[Work item]: Exactly the lines starting at the line containing "STAMPS-FINLAND-UNUSED-MNH**-SET-SEE-SCAN - Militari" and ending at the line containing "Daniel Ortega con" are to be written out from the listing below, both included.

[Exercise input]:
--- START ---

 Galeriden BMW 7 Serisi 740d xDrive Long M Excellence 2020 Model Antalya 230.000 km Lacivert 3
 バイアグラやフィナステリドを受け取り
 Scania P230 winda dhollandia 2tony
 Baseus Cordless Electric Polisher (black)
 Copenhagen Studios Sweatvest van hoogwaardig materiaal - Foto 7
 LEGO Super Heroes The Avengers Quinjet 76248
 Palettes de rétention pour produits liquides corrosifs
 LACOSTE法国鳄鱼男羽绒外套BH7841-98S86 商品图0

--- END ---
--- START ---

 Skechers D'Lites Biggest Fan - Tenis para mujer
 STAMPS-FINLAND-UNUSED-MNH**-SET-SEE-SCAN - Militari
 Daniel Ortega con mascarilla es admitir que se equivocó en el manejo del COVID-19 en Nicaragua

--- END ---

[Your response]:
 STAMPS-FINLAND-UNUSED-MNH**-SET-SEE-SCAN - Militari
 Daniel Ortega con mascarilla es admitir que se equivocó en el manejo del COVID-19 en Nicaragua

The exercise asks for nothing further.